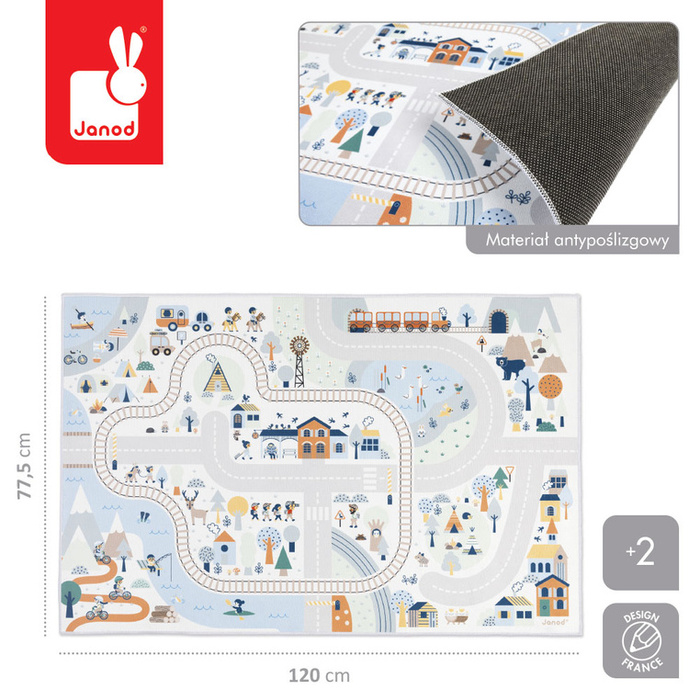 Miękka mata do zabawy z drogą Biała Dolina Cross Roads Janod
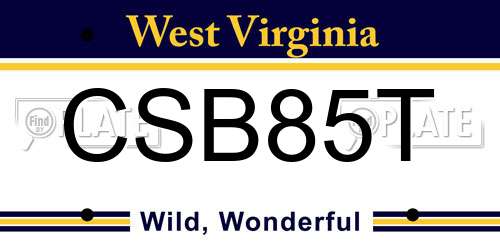 CSB85T West Virginia License Plate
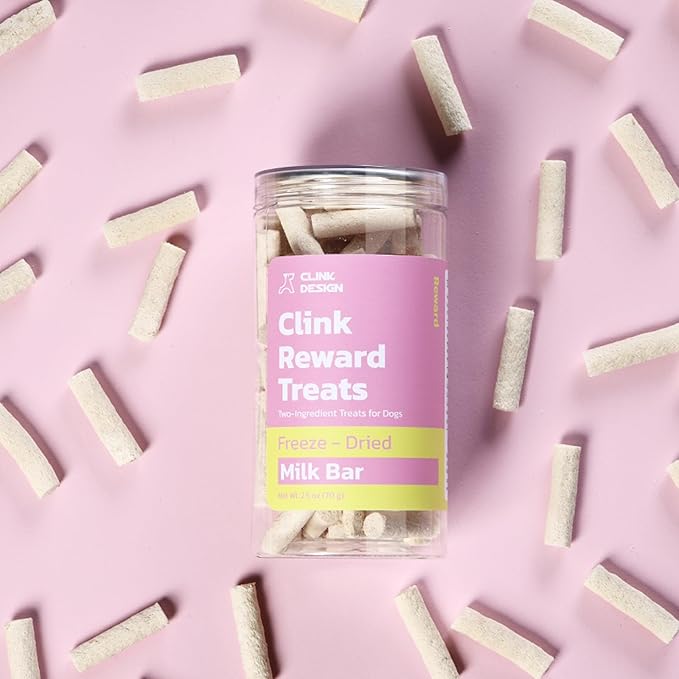 Clink Design Freeze Dried Dog & Cat Treats, Healthy Freeze Dried Goat Milk for Cats and Dogs, 60% Goat Milk & 40% Chicken, 2.5oz/70g, Clink Clicker Compatible, Dog Training Treats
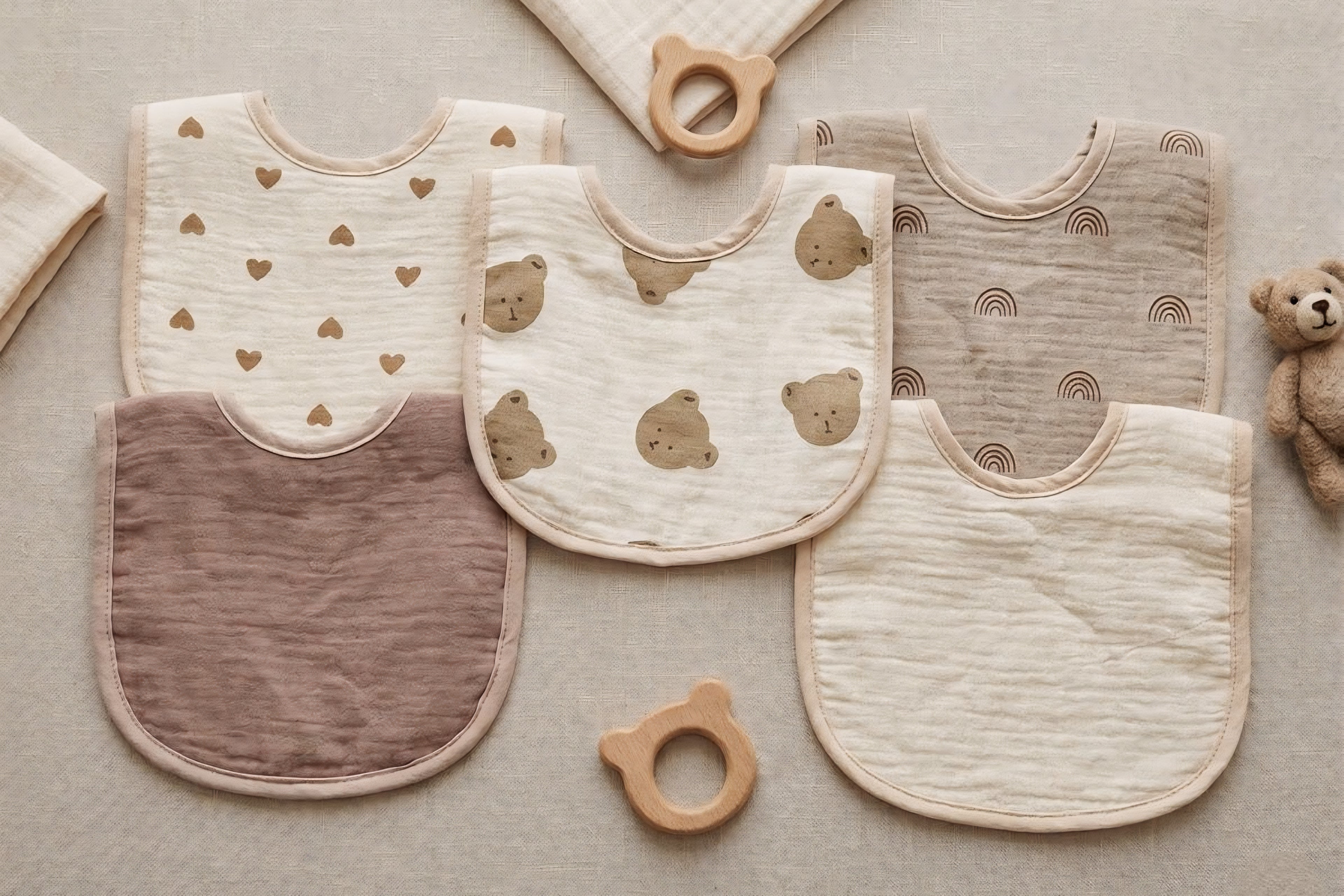 Baby Bear Cotton Bib | Soft, Absorbent & Gentle on Skin (5pcs)
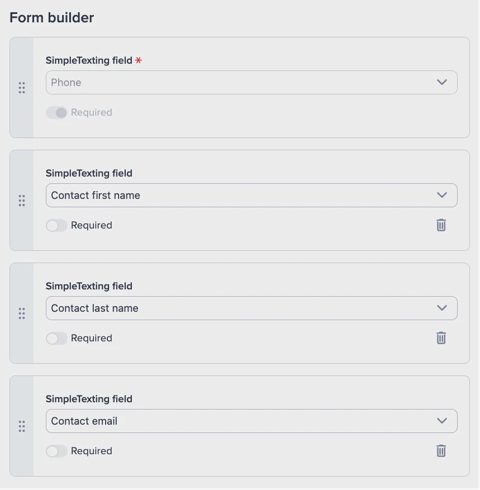 SimpleTexting screenshot: Web form builder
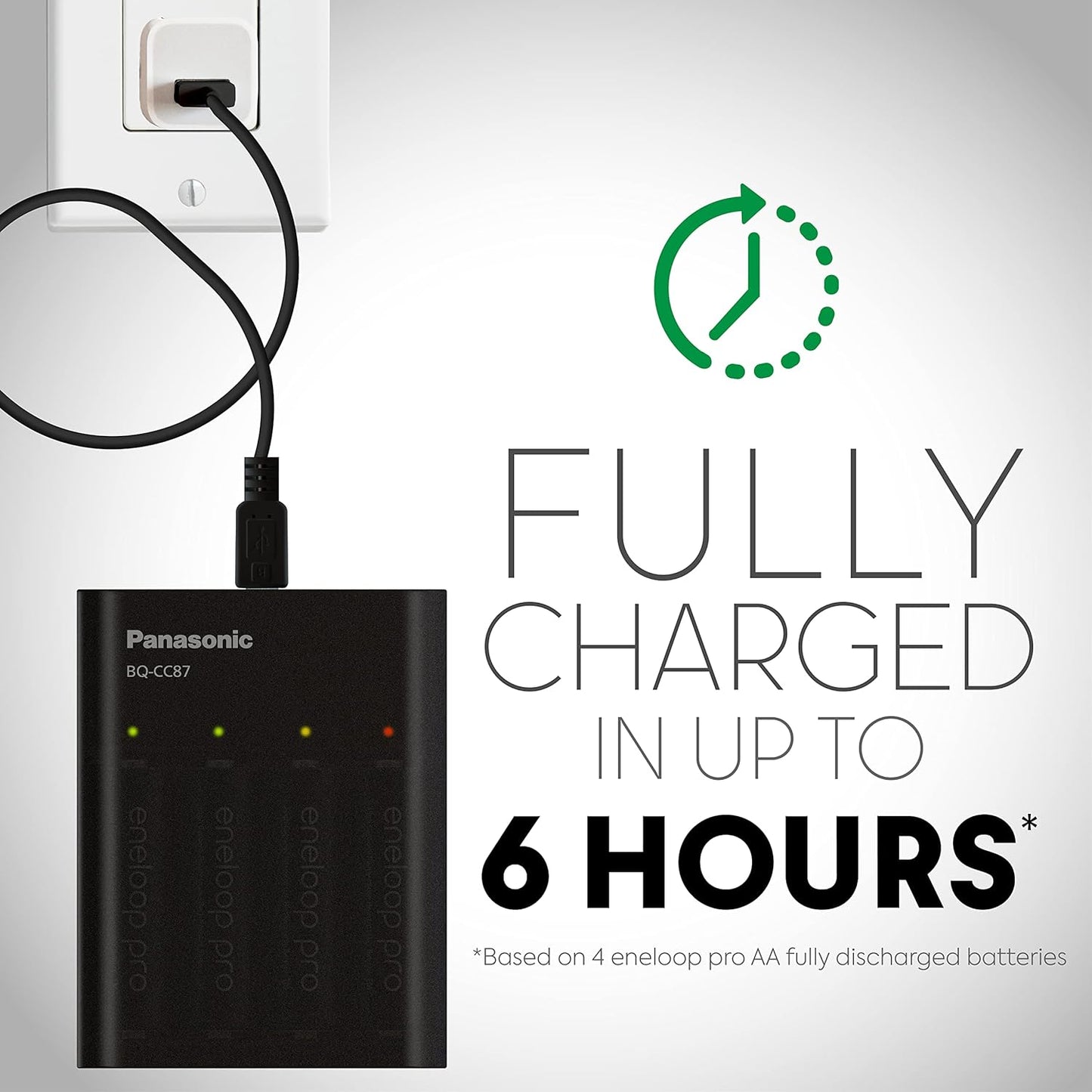 Panasonic K-KJ87K3A4BA Individual Battery Charger with Portable Charging Technology and 4AAA Eneloop Pro Rechargeable Batteries, Black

----------------

§ **What to do**:
Each entry is to be returned as it stands, and each picture is to be left out.

§ **Response area**:
 Miękka mata do zabawy z drogą Biała Dolina Cross Roads Janod
 CSB85T West Virginia License Plate
 Clink Design Freeze Dried Dog & Cat Treats, Healthy Freeze Dried Goat Milk for Cats and Dogs, 60% Goat Milk & 40% Chicken, 2.5oz/70g, Clink Clicker Compatible, Dog Training Treats
 Baby Bear Cotton Bib | Soft, Absorbent & Gentle on Skin (5pcs)
 SimpleTexting screenshot: Web form builder
 Panasonic K-KJ87K3A4BA Individual Battery Charger with Portable Charging Technology and 4AAA Eneloop Pro Rechargeable Batteries, Black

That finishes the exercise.